Alors tu disais tout à l'heure qu'il y a peu d'albums qui parlent de la religion en elle-même, malgré le titre de la série. Ce deuxième album l'aborde de front et de manière peut-être un peu dangereuse… tu t'attaques à des thèmes qui ont été souvent mal accueillis lorsqu'ils ont été traités soit par le domaine de la chanson, du cinéma ou de la littérature. C'est le thème de la Fatwa, de liberté d'expression, de la liberté de la religion, de l'intégrisme. Ca peut être très mal compris ou mal perçu. Frank Giroud : D'abord, c'est de la BD. Il ne faut pas se prendre la tête. Toi, tu le perçois peut-être moins parce que tu es Belge et qu'en Belgique, la BD est un peu mieux considérée que chez nous. En France, elle est massivement acceptée par le public, cela se vend très bien.

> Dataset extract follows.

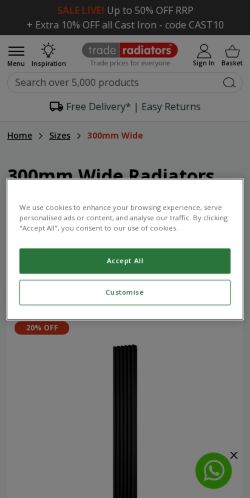 Mobile page screenshot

Mais, on est complètement ignoré par les grands médias. Combien de scénaristes ou de dessinateurs passent au "JT" ? Ce n'est pas comme si c'était du cinéma ou de la littérature. Je ne suis pas aussi exposé que Scorcese ou Rushdie ! Ben, puisque tu en parles, on y pense, à Rushdie, en lisant ce deuxième tome.

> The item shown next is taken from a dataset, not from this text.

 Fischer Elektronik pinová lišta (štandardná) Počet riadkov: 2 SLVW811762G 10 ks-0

Mais tu argumentes beaucoup dans ce deuxième album, tu argumentes dans la bouche de tes personnages, tu argumentes en faveur d'une plus grande tolérance mais en te positionnant par rapport au Coran, c'est-à-dire par rapport à la parole de Dieu, si j'ose dire, ou d'Allah. Frank Giroud : Oui bien sûr. C'est trop facile de dire : "Je condamne l'intégrisme, mais de toute façon, je ne suis pas musulman, Allah et tout ça c'est des conneries". Tout le monde peut le dire. Par contre, c'est autre chose de condamner l'intégrisme sans condamner l'Islam. Or, moi, je ne mets pas le milliard de musulmans vivant sur terre dans le même sac que les quelques milliers d'intégristes. Justement le but du jeu, dans le tome 2, c'est de montrer qu'on peut très bien être musulman et utiliser sa raison et sa liberté de pensée, loin de tout fanatisme. C'est la raison d'être de cette confrontation entre mes deux personnages. Il y en a un qui croit connaître le Coran, on lui a bourré le crâne avec des versets qu'il peut réciter par cœur mais sur lesquels il est incapable de réfléchir ; et puis, il y a l'autre, qui les connaît tout aussi bien mais qui lui, a médité et parfois pris de la distance ; il est capable de les commenter, de les replacer dans leur contexte, voire de mettre le doigt sur certaines contradictions à l'intérieur du Coran lui-même. Frank Giroud : Oui, c'est une de mes scènes préférées. Pourtant, elle n'est pas très cinématographique : c'est avant tout un dialogue, et il faut toute l'habilité du dessinateur pour le faire passer. Et Giulio (De Vita) y réussit très bien !. Depuis l'avènement du "Troisième Testament", et plus encore peut-être depuis le "Triangle secret", on a vraiment l'impression qu'il y a une nouvelle veine - et principalement chez Glénat - qui consiste à travailler les textes sacrés et tout le mystère qu'il peut y avoir autour. C'est un peu l'effet "Nom de la Rose" en boomerang, dix ans après. Donc, on risque de croire que c'est ça le "Décalogue". Cela ne te gêne pas ?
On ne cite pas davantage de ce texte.